Odds of Becoming an All-American: 

5–Star: 1 in 4.

Top 100: 1 in 6.

4–Star: 1 in 16.

3–Star: 1 in 56.

2–Star: 1 in 127.

All FBS Signees: 1 in 45

It takes talent to win. In most cases it emerges early.

Dan Lanning and his staff have elevated Oregon to a new stratosphere in the recruiting wars. The Ducks are dueling Alabama, Georgia, and Ohio State for the most-coveted high school players in the nation, four and five-star kids with tremendous potential. Five-star prospects become All-Americans (and first-round draft choices) at a much higher rate than their peers.

In the playoff era only one team has ever won a national championship with less than 50% blue-chip players. (Blue-chips are players rated four and five-stars.) The Blue-Chip Ratio is a formula developed by Bud Elliott of 247Sports.


Of course, some of those blue-chip recruits bust out. The adjustment to college is a challenge to anyone, football player or not. A few five-star kids lose interest in the game or find they don't really like it all that much. Away from the watchful eyes of their parents and trainers they get distracted. The physical advantages they had in high school become narrower: they can't coast on the size and speed that allowed them to dominate in their hometown league.

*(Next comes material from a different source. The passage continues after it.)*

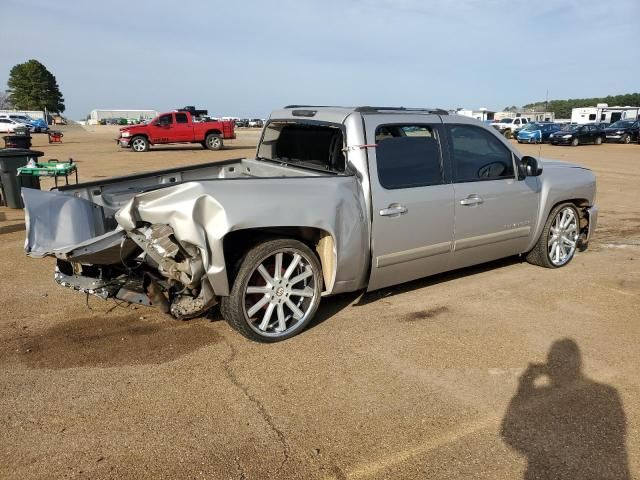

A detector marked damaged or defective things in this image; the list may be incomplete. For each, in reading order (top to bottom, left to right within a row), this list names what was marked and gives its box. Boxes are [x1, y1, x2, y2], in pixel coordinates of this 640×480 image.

pavement crack [220, 338, 290, 472]
damaged silver pickup truck [22, 107, 596, 344]
cracked asphalt [0, 125, 636, 478]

But the biggest danger for the highly touted, gifted players at the top is that some fall in love with the perks of fame rather than the process.  Watching these guys, you get the feeling their plan is to flash enough of their talent to get noticed, as if they're saving themselves for the pros.

Part of a coach's job is to not only evaluate the film and the physical skills, but to ask the right questions and assess a player's character. It's important to identify the ones who truly love football and want to succeed at the level they're at. The goal at Oregon is to win the school's first national championship while helping players reach their full potential. 

To do anything less than your best is to sacrifice the gift.